# Your goal:
For the records below, please print exactly and only the lines from the one with "new 2025 Chrysler" down to the one with "Gebraucht Mercedes C220", both ends included, omitting the pictures.

# Exercise materials:
————————

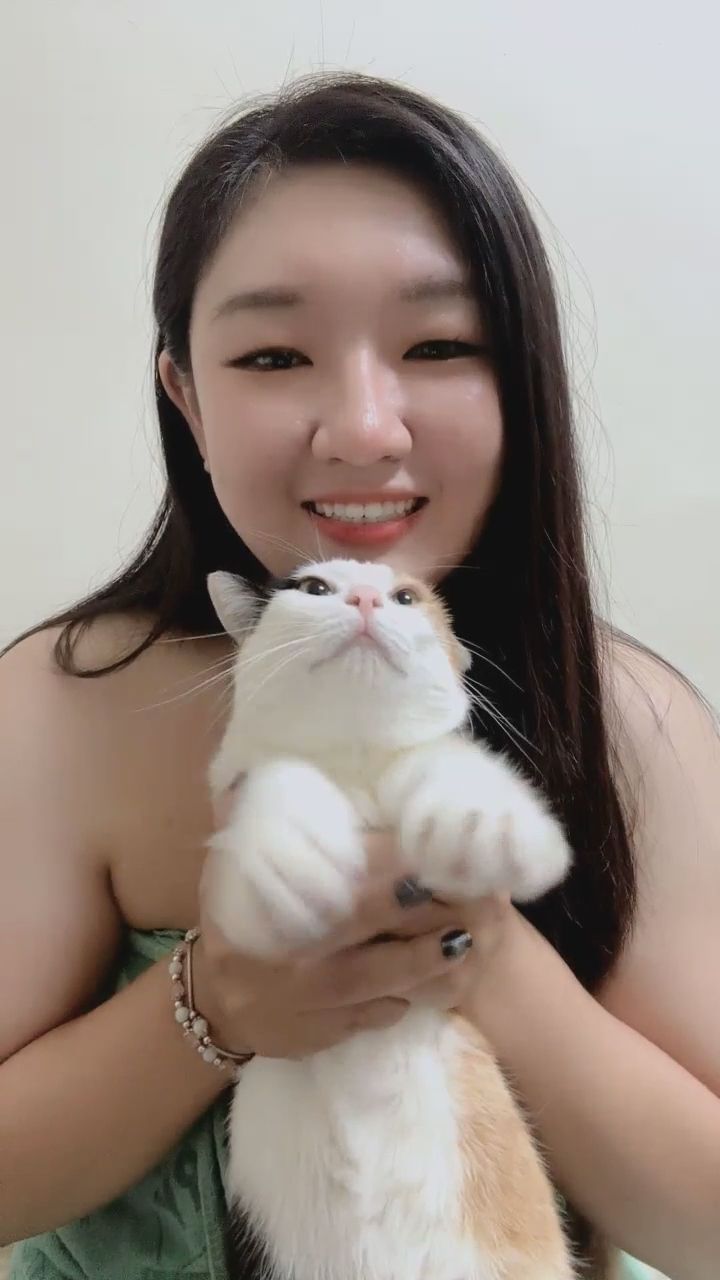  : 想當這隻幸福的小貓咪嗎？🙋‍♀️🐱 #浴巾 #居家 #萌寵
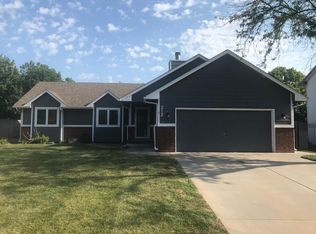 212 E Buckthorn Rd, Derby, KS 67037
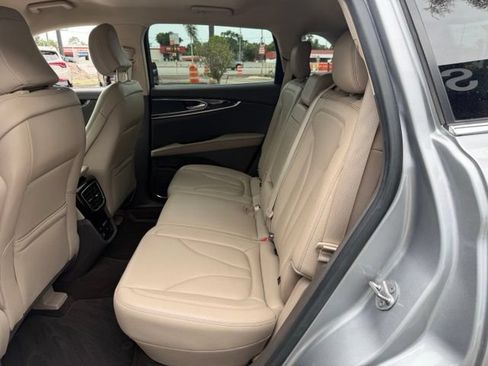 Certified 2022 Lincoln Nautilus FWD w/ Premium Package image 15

————————

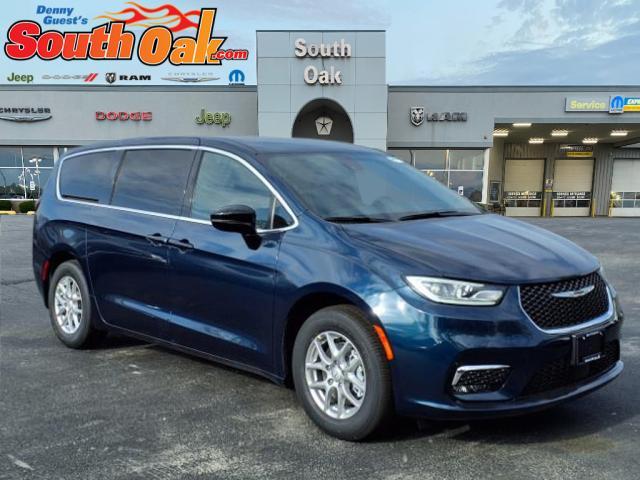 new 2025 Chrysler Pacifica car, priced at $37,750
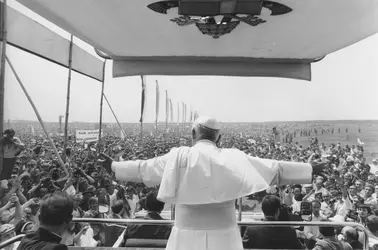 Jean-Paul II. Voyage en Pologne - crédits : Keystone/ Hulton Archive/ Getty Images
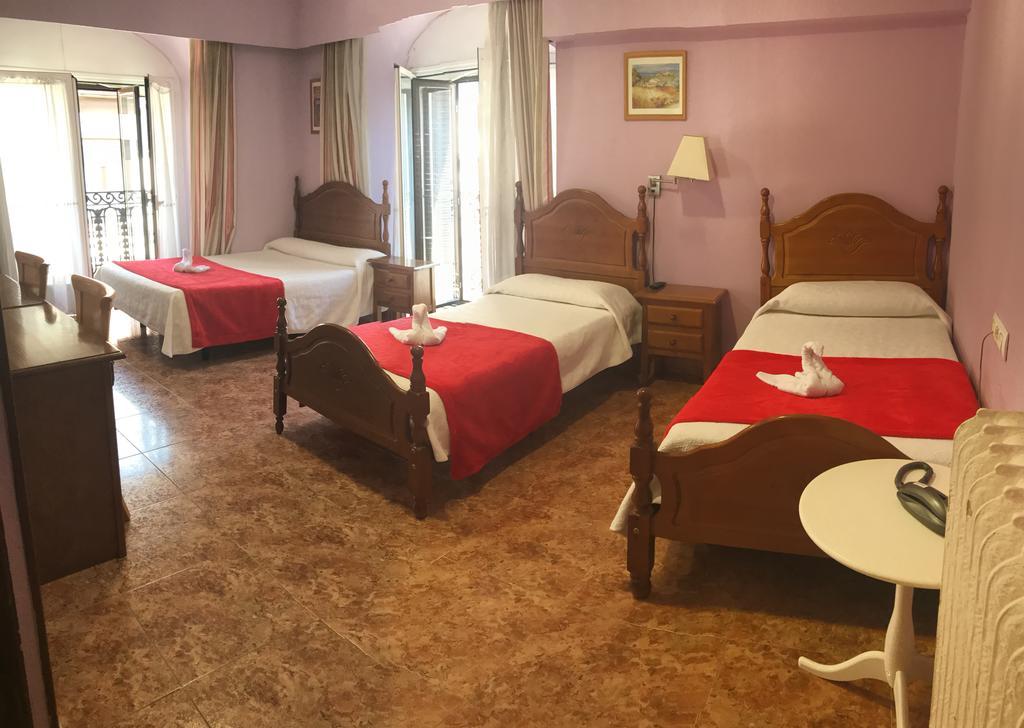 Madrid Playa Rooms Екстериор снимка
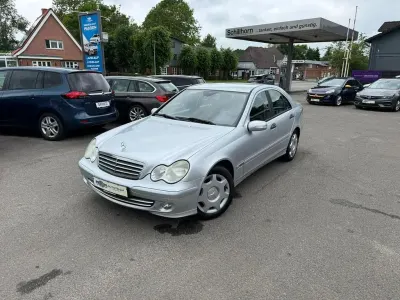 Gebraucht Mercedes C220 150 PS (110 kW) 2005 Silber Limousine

————————

# Response to this exercise:
 new 2025 Chrysler Pacifica car, priced at $37,750
 Jean-Paul II. Voyage en Pologne - crédits : Keystone/ Hulton Archive/ Getty Images
 Madrid Playa Rooms Екстериор снимка
 Gebraucht Mercedes C220 150 PS (110 kW) 2005 Silber Limousine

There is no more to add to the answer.